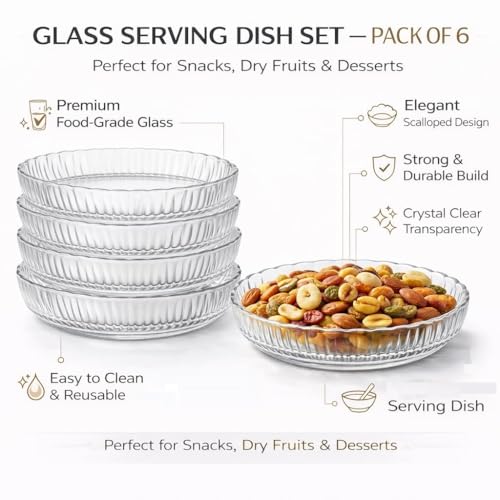 Image of Glassbunny 300ML 6-Piece Ribbed Glass Serving Dish Set - Versatile Round Glassware for Snacks, Desserts, and Appetizers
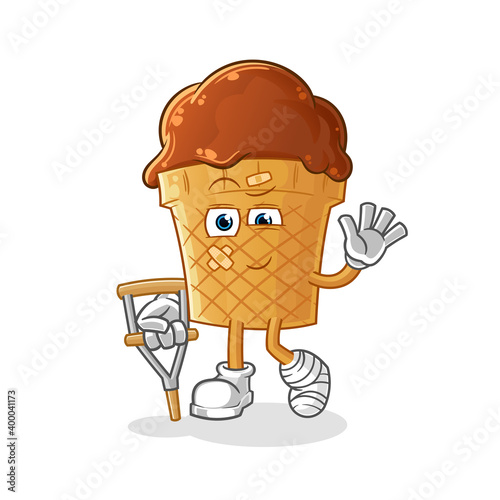 chocolate ice cream sick with limping stick character. cartoon mascot vector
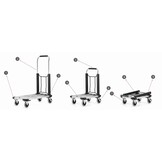 Transportwagen - 71x41cm - opvouwbaar - tot 150 kg - aluminium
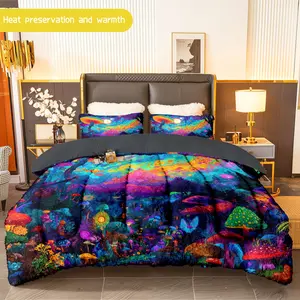 3pcs (1 comforter + 2 pillowcases) Psychedelic Mushroom Pattern Flannel & Microfiber Fleece Comforter Set, Ultra - Soft Milk Velvet Bedding Set for Adults, Cozy and Trendy Bedding Ensemble
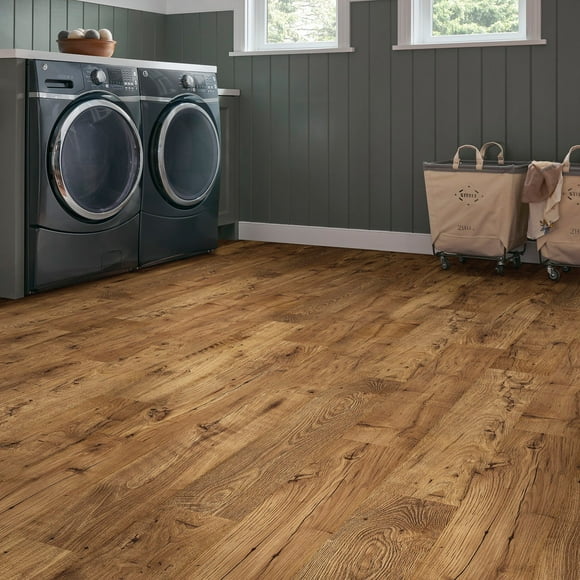 QuickStep by Mohawk Longview Chestnut Waterproof Laminate Flooring, 17.18 sq. ft. per box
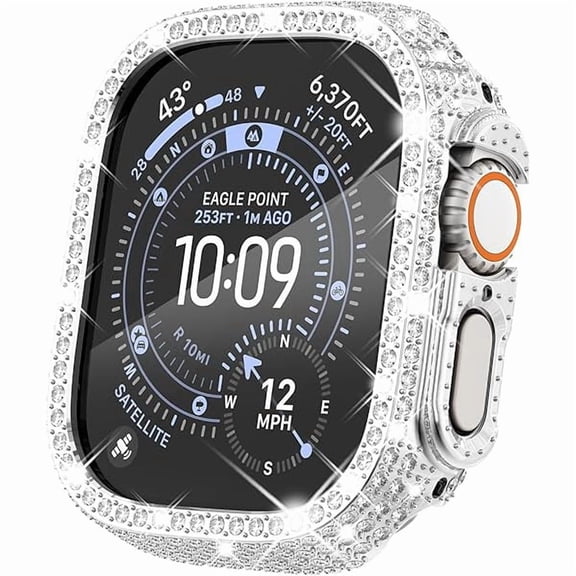 49mm Case Compatible with Apple Watch Ultra 3/2/1, Bling Case with Over 400 Crystal Diamonds Protective Cover Bumper Compatible for Apple Watch Ultra (49mm, Silver)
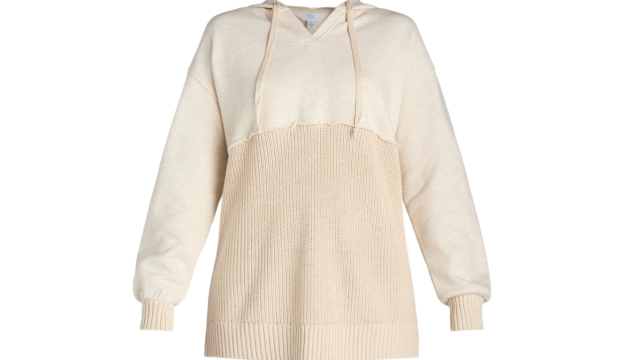 Walmart mixed-media hoodie in beige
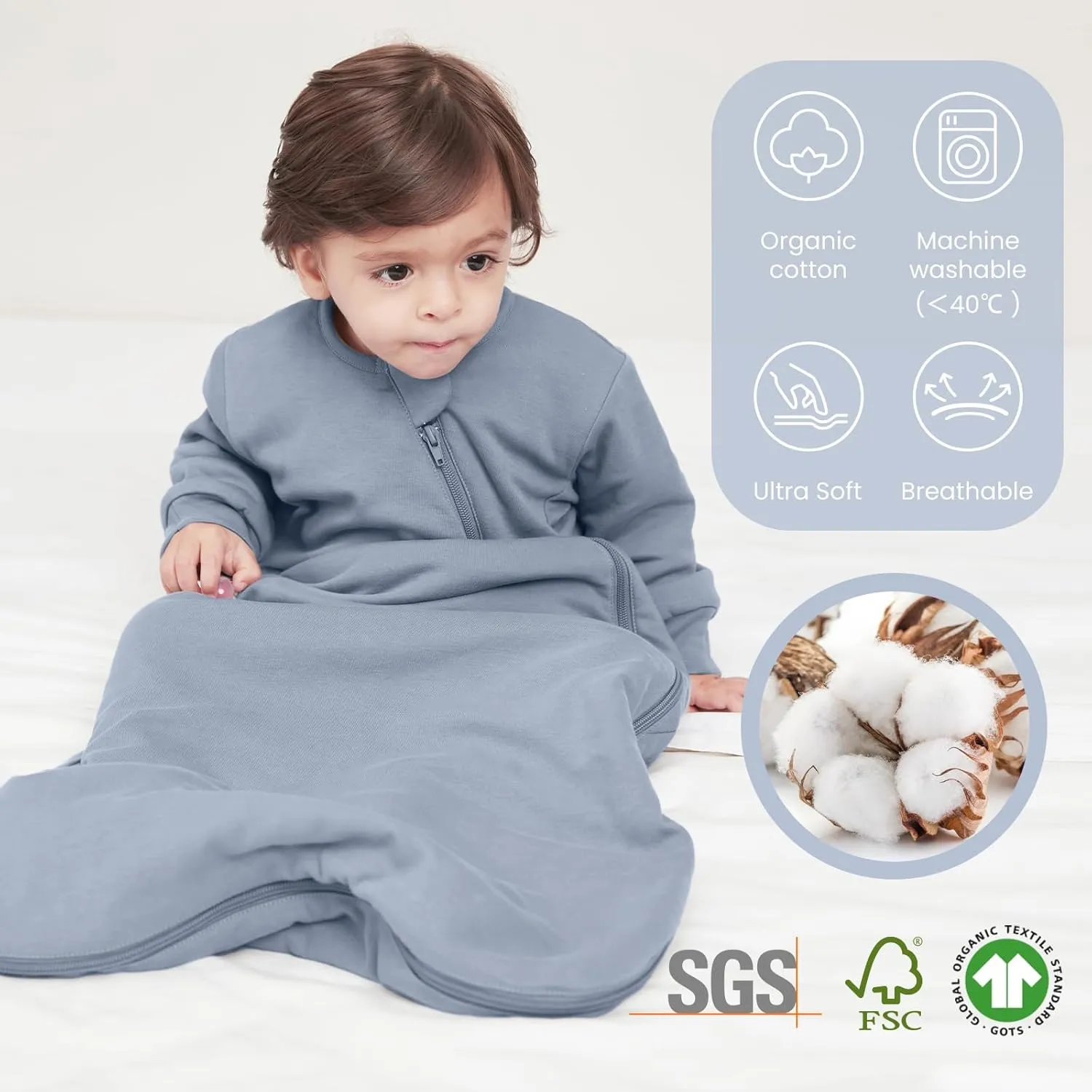 Unisex Sleeping Bag for Toddlers 3.5 Tog Sleep Sack 18-36Months, Long Sleeve Sleep Sack, Wearable Blanket, One Piece with Sleeves, Gifts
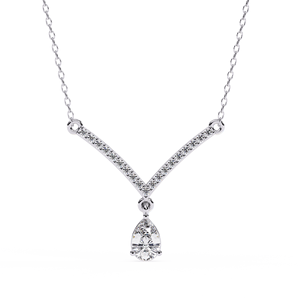10K 14K 18K White Gold Chevron <b>Necklace</b> Featuring Delicate V Shape Bar Set Lab Grown Diamonds Pear Teardrop Diamond <b>Necklace</b> - Product Image 1
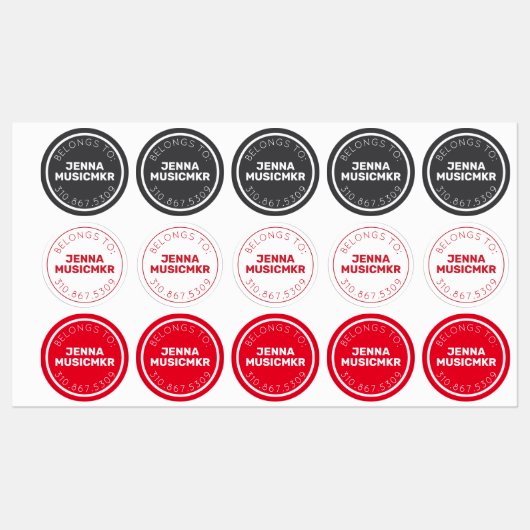 Rood Zwart Wit Cirkel Adhesief / Waterdichte Label (Vel)
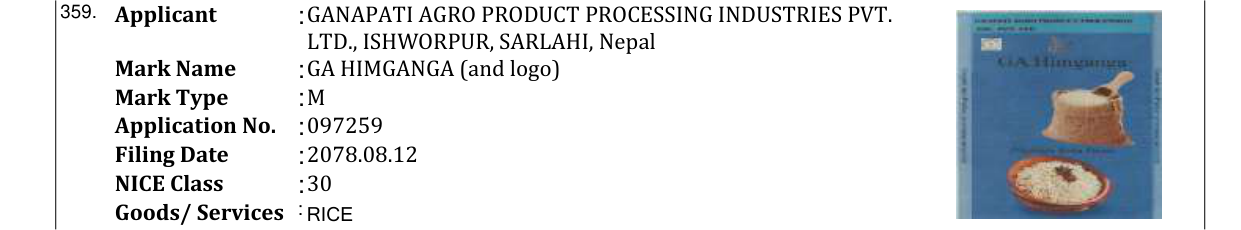 Original bulletin entry for GA HIMGANGA (and logo)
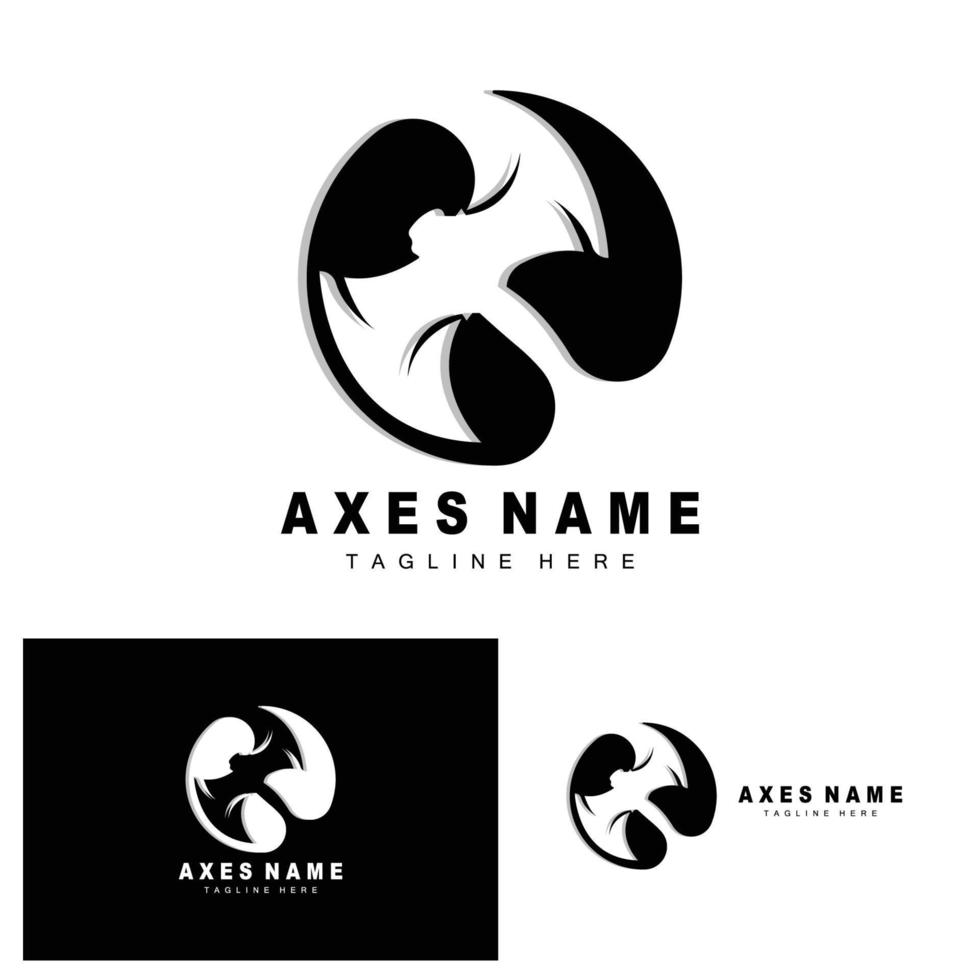 Ax Logo Design, War Tool Illustration and Woodcutter Vector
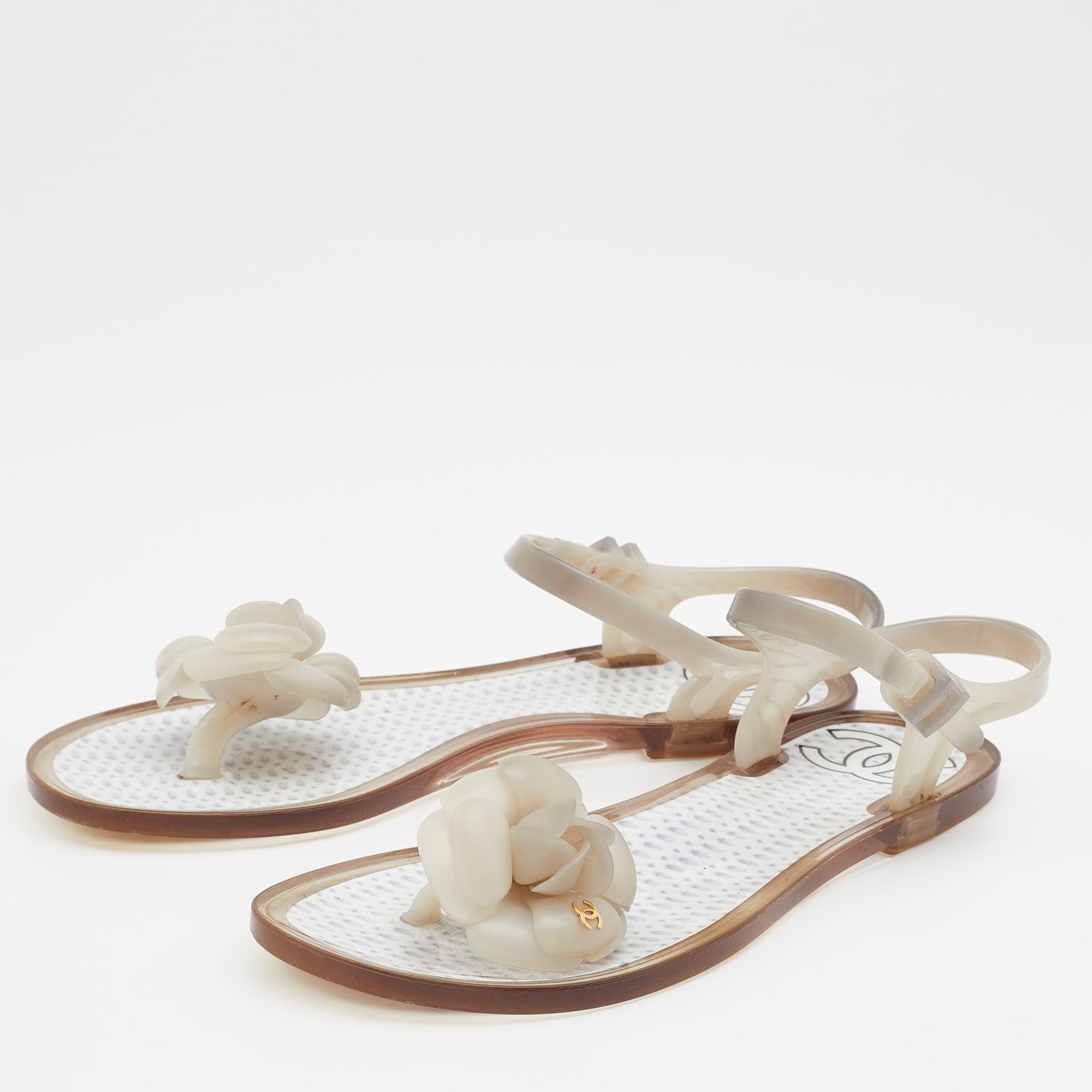 Beige Chanel Grey Jelly Camellia Ankle Strap Thong Flat Sandals Size 36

================================

> **What to do**
Repeat verbatim the range of lines that opens at the line containing "Unisex Sleeping Bag" and closes at the last line of the entries, excluding all pictures.

> **Answer for the task**
 Unisex Sleeping Bag for Toddlers 3.5 Tog Sleep Sack 18-36Months, Long Sleeve Sleep Sack, Wearable Blanket, One Piece with Sleeves, Gifts
10K 14K 18K White Gold Chevron <b>Necklace</b> Featuring Delicate V Shape Bar Set Lab Grown Diamonds Pear Teardrop Diamond <b>Necklace</b> - Product Image 1
 Rood Zwart Wit Cirkel Adhesief / Waterdichte Label (Vel)
 Original bulletin entry for GA HIMGANGA (and logo)
 Ax Logo Design, War Tool Illustration and Woodcutter Vector
 Beige Chanel Grey Jelly Camellia Ankle Strap Thong Flat Sandals Size 36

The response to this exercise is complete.